Whether it’s your national organization, state support group, or local co-op, any and every organization that works with, for, and around children should have a child protection policy. So ask your homeschool group(s) if it does.
If it does: Ask to review it. You have a responsibility to make sure that the groups to which you entrust your kids have such a policy in place. Don’t just assume they do. Ask. Children deserve a safe, nurturing environment for their education. Make sure your group’s policy is appropriate, sufficient, and up-to-date. If you’re not sure if it is, do some research.
If it does not: Ask that one is made. Be firm about this. Child protection policies are essential to keeping children safe as well as protecting the integrity of your organization.
2. Plan an awareness event.
Organize an all-parent, mandatory meeting for your homeschool group or organization. (If you need help doing so, here is a step-by-step planning guide.) It doesn’t have to be long — even an hour or two will suffice in the beginning. During this event, explain to your group’s members the seriousness of child abuse, why homeschoolers cannot tolerate child abuse, what child abuse is, and the responsibility of every member and family to report abuse to the proper authorities. At this event, introduce to your members any new action steps your group is taking, such as a child protection policy, special speaking events, a resource library, etc. Make this awareness event a regular occurrence every 6-12 months. Consider planning a longer event (such as an entire day) where multiple professionals can present important information on the topic.
3. Invite a child abuse prevention expert to speak to your homeschool group.
There are many organizations dedicated to preventing child abuse. These organizations have significant knowledge and expertise. They also have dedicated individuals who are eager to speak to community groups about child abuse prevention. Contact one of these organizations and ask to have a speaker present to your homeschool group.
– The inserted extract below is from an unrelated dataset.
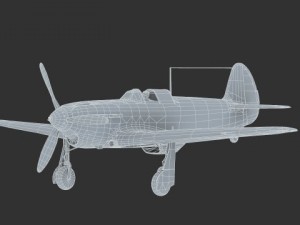 yakovlev  or yak1b soviet world war ii fighter Model 3D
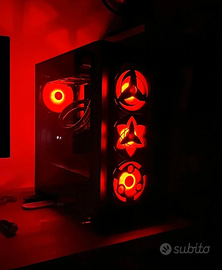 Decorazione ventole pc gaming sharingan naruto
Examples of organizations whose local chapters you could contact are RAINN, Prevent Child Abuse, and G.R.A.C.E. We at HARO are also willing to speak to any homeschool group.
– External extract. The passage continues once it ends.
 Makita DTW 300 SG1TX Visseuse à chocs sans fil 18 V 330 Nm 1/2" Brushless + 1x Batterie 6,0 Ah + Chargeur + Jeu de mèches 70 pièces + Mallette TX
4. Invite a child welfare or social work professional to speak to your homeschool group.
Myths and paranoia about the child welfare system often discourage or prevent many homeschool parents from reporting known child abuse. So while educating yourself and your community about child abuse is important, you also need to overcome stigma about the system in place to help those who are being abused. To this end, consider inviting a child welfare or social work professional to speak to your homeschool co-op or organization. Ask them to explain what they do, what happens when someone makes an anonymous tip, and how they work to protect children and families. Getting to know such a professional on a personal level — and letting them get to know you — can go a long way in overcoming myths and paranoia that keep children from receiving the help they need.
5. Do some research.
Go to the library or get on your computer and start researching! Learn about what child abuse is, what the warning signs are, how to report child abuse, common characteristics of child sexual offenders, how sexual offenders attempt to discredit child witnesses, — and that’s just the beginning! Knowledge is power. Equip yourself with that power so you can keep the children in your communities safe.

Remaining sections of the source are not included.